> [RECORD EXTRACTS]
⁂

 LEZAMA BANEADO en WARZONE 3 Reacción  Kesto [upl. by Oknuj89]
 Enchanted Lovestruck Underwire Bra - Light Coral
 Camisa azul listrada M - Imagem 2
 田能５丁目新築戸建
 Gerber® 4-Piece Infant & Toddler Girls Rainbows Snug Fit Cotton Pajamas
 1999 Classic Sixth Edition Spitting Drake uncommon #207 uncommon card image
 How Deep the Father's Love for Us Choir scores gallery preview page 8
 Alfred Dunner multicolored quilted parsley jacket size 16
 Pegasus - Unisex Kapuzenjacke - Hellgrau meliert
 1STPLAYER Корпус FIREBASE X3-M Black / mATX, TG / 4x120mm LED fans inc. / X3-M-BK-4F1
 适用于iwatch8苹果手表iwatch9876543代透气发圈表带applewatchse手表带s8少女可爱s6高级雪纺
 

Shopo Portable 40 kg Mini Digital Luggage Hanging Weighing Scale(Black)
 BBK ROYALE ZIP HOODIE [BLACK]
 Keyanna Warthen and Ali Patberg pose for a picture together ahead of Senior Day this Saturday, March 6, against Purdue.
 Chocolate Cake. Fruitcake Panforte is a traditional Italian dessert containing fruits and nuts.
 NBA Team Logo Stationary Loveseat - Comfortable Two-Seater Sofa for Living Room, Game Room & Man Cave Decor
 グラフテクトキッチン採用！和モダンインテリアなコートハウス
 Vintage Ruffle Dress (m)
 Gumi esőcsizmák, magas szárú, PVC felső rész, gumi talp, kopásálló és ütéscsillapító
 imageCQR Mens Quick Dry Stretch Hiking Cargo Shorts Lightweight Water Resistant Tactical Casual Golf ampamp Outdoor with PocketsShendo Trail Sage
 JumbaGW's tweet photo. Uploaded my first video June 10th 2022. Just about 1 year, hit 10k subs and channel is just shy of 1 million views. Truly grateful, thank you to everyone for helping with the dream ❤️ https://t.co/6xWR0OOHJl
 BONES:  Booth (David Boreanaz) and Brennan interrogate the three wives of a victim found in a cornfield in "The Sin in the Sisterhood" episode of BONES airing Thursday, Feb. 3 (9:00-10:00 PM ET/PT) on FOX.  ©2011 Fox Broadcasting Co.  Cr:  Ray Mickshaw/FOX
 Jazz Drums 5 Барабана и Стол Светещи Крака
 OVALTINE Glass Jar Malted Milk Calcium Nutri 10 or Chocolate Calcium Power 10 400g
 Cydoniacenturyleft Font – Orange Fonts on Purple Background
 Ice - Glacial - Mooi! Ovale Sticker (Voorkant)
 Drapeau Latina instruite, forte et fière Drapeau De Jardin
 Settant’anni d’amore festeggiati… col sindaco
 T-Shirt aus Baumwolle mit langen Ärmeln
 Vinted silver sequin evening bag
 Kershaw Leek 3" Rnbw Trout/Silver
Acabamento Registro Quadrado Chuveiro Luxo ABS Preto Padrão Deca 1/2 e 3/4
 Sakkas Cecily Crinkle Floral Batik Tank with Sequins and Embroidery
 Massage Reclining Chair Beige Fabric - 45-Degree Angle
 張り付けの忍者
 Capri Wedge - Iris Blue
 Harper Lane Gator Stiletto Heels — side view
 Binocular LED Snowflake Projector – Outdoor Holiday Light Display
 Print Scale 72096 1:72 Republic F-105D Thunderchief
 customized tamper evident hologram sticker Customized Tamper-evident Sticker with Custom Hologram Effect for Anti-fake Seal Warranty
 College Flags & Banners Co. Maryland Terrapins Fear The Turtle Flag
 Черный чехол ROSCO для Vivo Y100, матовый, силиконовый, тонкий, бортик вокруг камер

⁂

> [BRIEF] Your task is to output all of the data above word for word.

> [WRITTEN RESPONSE]
 LEZAMA BANEADO en WARZONE 3 Reacción  Kesto [upl. by Oknuj89]
 Enchanted Lovestruck Underwire Bra - Light Coral
 Camisa azul listrada M - Imagem 2
 田能５丁目新築戸建
 Gerber® 4-Piece Infant & Toddler Girls Rainbows Snug Fit Cotton Pajamas
 1999 Classic Sixth Edition Spitting Drake uncommon #207 uncommon card image
 How Deep the Father's Love for Us Choir scores gallery preview page 8
 Alfred Dunner multicolored quilted parsley jacket size 16
 Pegasus - Unisex Kapuzenjacke - Hellgrau meliert
 1STPLAYER Корпус FIREBASE X3-M Black / mATX, TG / 4x120mm LED fans inc. / X3-M-BK-4F1
 适用于iwatch8苹果手表iwatch9876543代透气发圈表带applewatchse手表带s8少女可爱s6高级雪纺
 

Shopo Portable 40 kg Mini Digital Luggage Hanging Weighing Scale(Black)
 BBK ROYALE ZIP HOODIE [BLACK]
 Keyanna Warthen and Ali Patberg pose for a picture together ahead of Senior Day this Saturday, March 6, against Purdue.
 Chocolate Cake. Fruitcake Panforte is a traditional Italian dessert containing fruits and nuts.
 NBA Team Logo Stationary Loveseat - Comfortable Two-Seater Sofa for Living Room, Game Room & Man Cave Decor
 グラフテクトキッチン採用！和モダンインテリアなコートハウス
 Vintage Ruffle Dress (m)
 Gumi esőcsizmák, magas szárú, PVC felső rész, gumi talp, kopásálló és ütéscsillapító
 imageCQR Mens Quick Dry Stretch Hiking Cargo Shorts Lightweight Water Resistant Tactical Casual Golf ampamp Outdoor with PocketsShendo Trail Sage
 JumbaGW's tweet photo. Uploaded my first video June 10th 2022. Just about 1 year, hit 10k subs and channel is just shy of 1 million views. Truly grateful, thank you to everyone for helping with the dream ❤️ https://t.co/6xWR0OOHJl
 BONES:  Booth (David Boreanaz) and Brennan interrogate the three wives of a victim found in a cornfield in "The Sin in the Sisterhood" episode of BONES airing Thursday, Feb. 3 (9:00-10:00 PM ET/PT) on FOX.  ©2011 Fox Broadcasting Co.  Cr:  Ray Mickshaw/FOX
 Jazz Drums 5 Барабана и Стол Светещи Крака
 OVALTINE Glass Jar Malted Milk Calcium Nutri 10 or Chocolate Calcium Power 10 400g
 Cydoniacenturyleft Font – Orange Fonts on Purple Background
 Ice - Glacial - Mooi! Ovale Sticker (Voorkant)
 Drapeau Latina instruite, forte et fière Drapeau De Jardin
 Settant’anni d’amore festeggiati… col sindaco
 T-Shirt aus Baumwolle mit langen Ärmeln
 Vinted silver sequin evening bag
 Kershaw Leek 3" Rnbw Trout/Silver
Acabamento Registro Quadrado Chuveiro Luxo ABS Preto Padrão Deca 1/2 e 3/4
 Sakkas Cecily Crinkle Floral Batik Tank with Sequins and Embroidery
 Massage Reclining Chair Beige Fabric - 45-Degree Angle
 張り付けの忍者
 Capri Wedge - Iris Blue
 Harper Lane Gator Stiletto Heels — side view
 Binocular LED Snowflake Projector – Outdoor Holiday Light Display
 Print Scale 72096 1:72 Republic F-105D Thunderchief
 customized tamper evident hologram sticker Customized Tamper-evident Sticker with Custom Hologram Effect for Anti-fake Seal Warranty
 College Flags & Banners Co. Maryland Terrapins Fear The Turtle Flag
 Черный чехол ROSCO для Vivo Y100, матовый, силиконовый, тонкий, бортик вокруг камер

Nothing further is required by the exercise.